*EXERCISE*:
Pictures are to be left out; otherwise, copy exactly the lines from the line containing "Free‎ People Floral" through the end of the data.

(Extracted data entries)
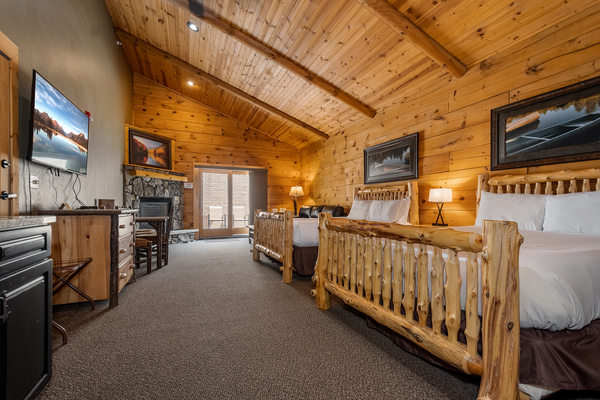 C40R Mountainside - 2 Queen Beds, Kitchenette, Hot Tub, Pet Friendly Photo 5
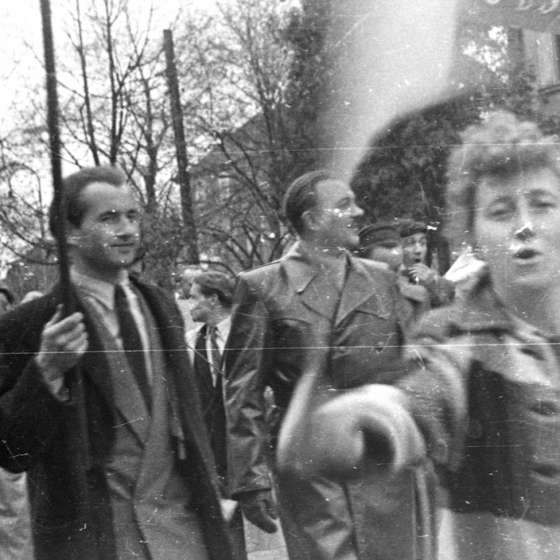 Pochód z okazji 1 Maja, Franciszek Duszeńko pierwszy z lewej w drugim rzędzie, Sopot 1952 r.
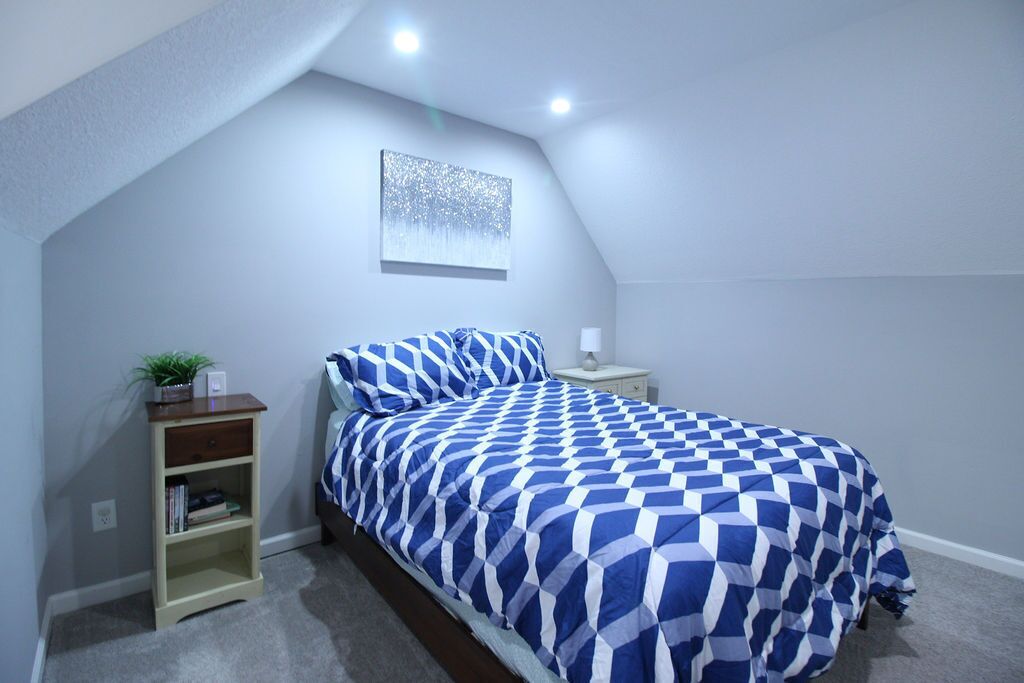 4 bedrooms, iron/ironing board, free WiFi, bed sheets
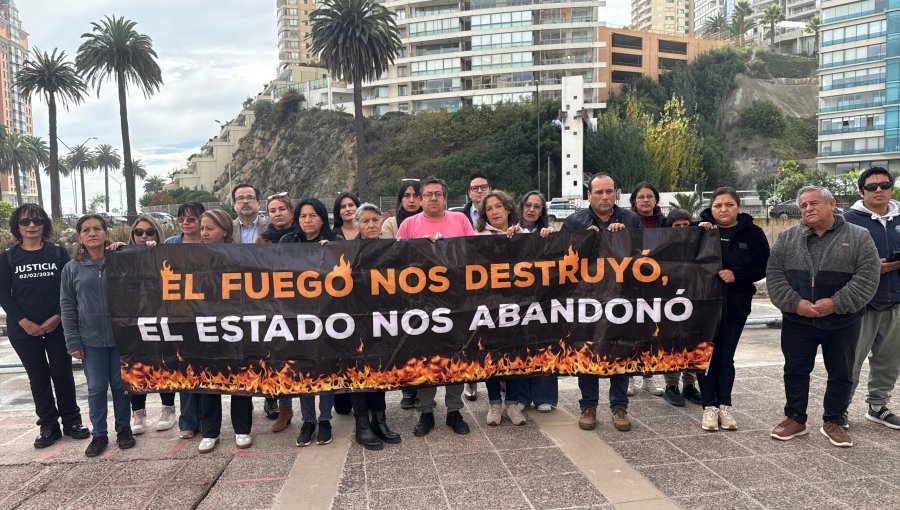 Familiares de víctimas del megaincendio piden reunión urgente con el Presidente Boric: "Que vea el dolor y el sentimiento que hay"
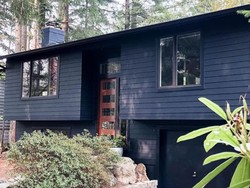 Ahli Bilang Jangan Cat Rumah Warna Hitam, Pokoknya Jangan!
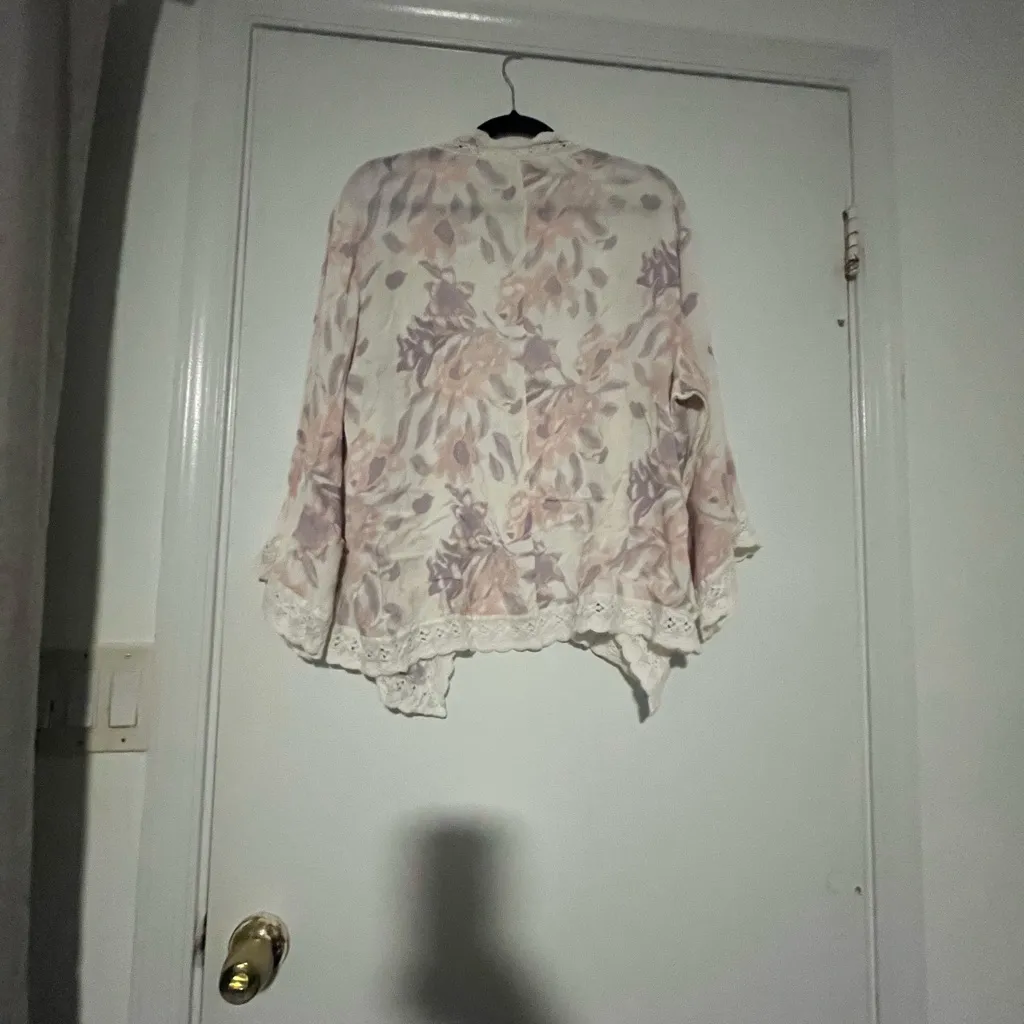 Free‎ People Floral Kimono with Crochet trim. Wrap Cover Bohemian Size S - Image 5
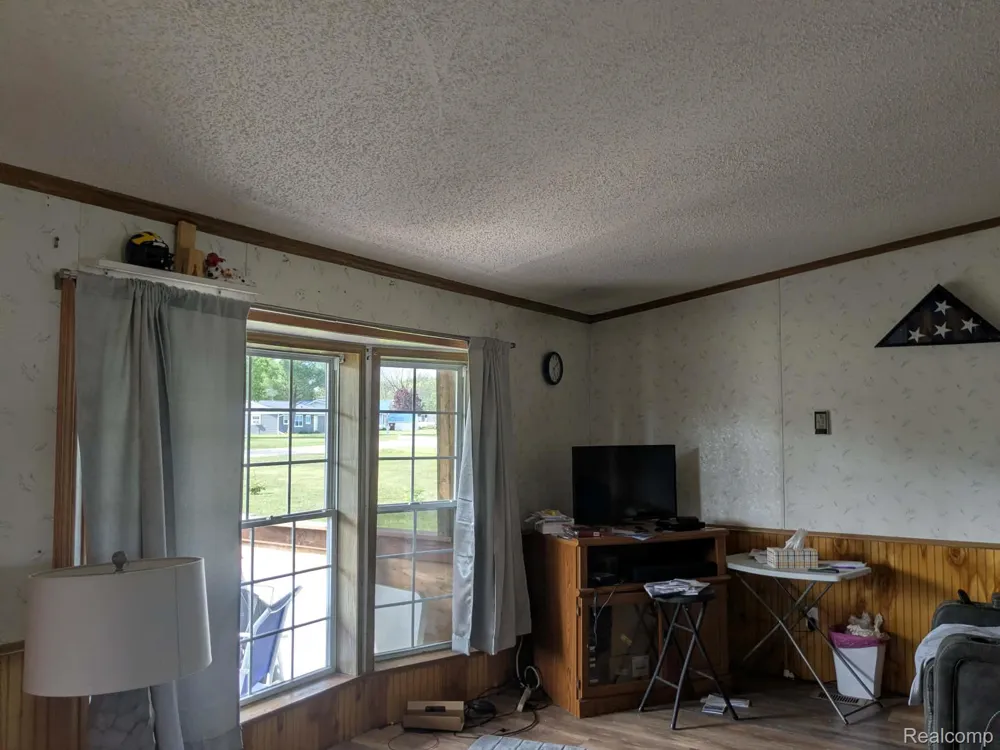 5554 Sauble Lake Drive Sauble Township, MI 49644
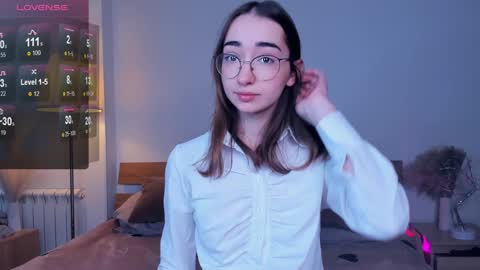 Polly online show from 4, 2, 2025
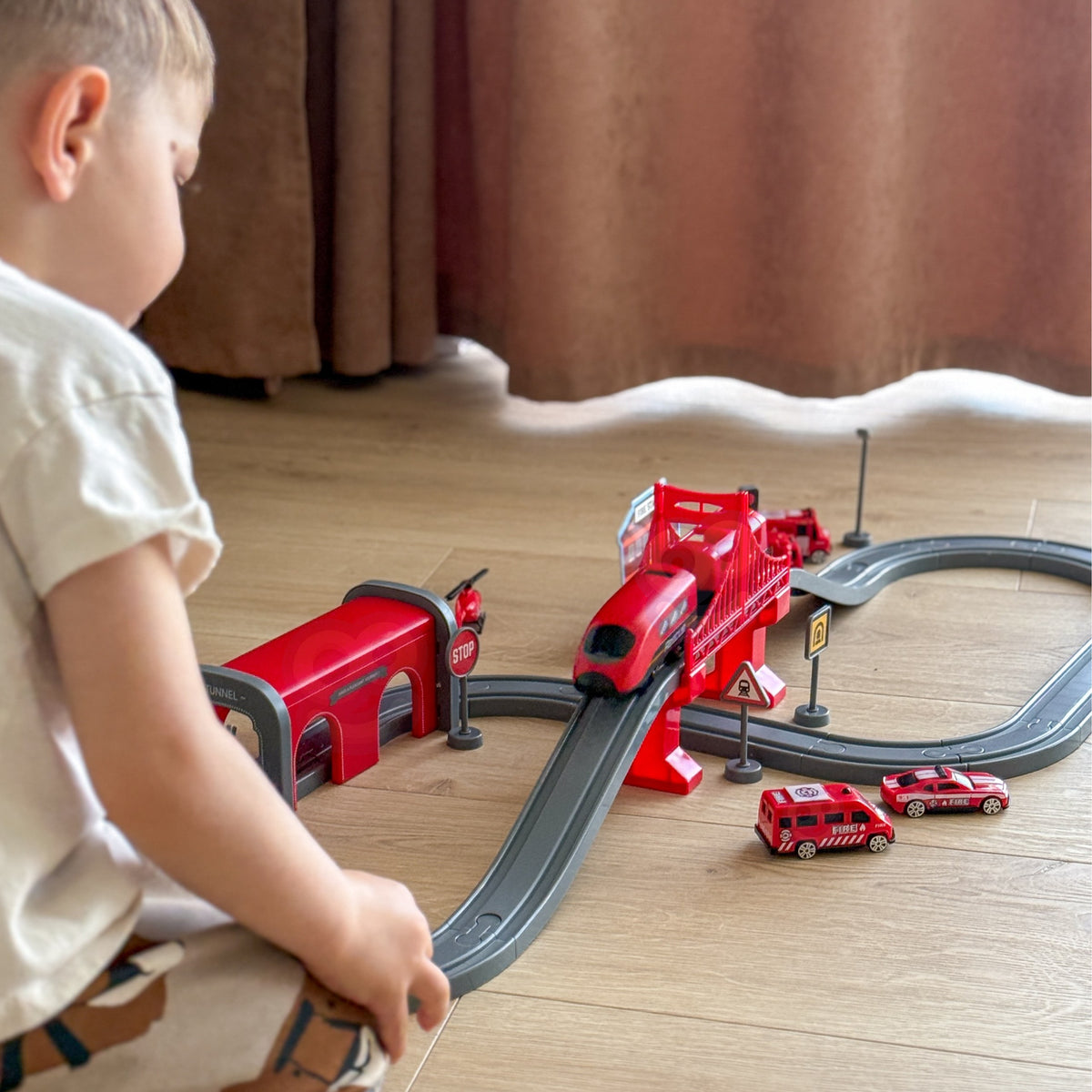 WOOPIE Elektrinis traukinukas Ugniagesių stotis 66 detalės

*ANSWER SPACE*:
 Free‎ People Floral Kimono with Crochet trim. Wrap Cover Bohemian Size S - Image 5
 5554 Sauble Lake Drive Sauble Township, MI 49644
 Polly online show from 4, 2, 2025
 WOOPIE Elektrinis traukinukas Ugniagesių stotis 66 detalės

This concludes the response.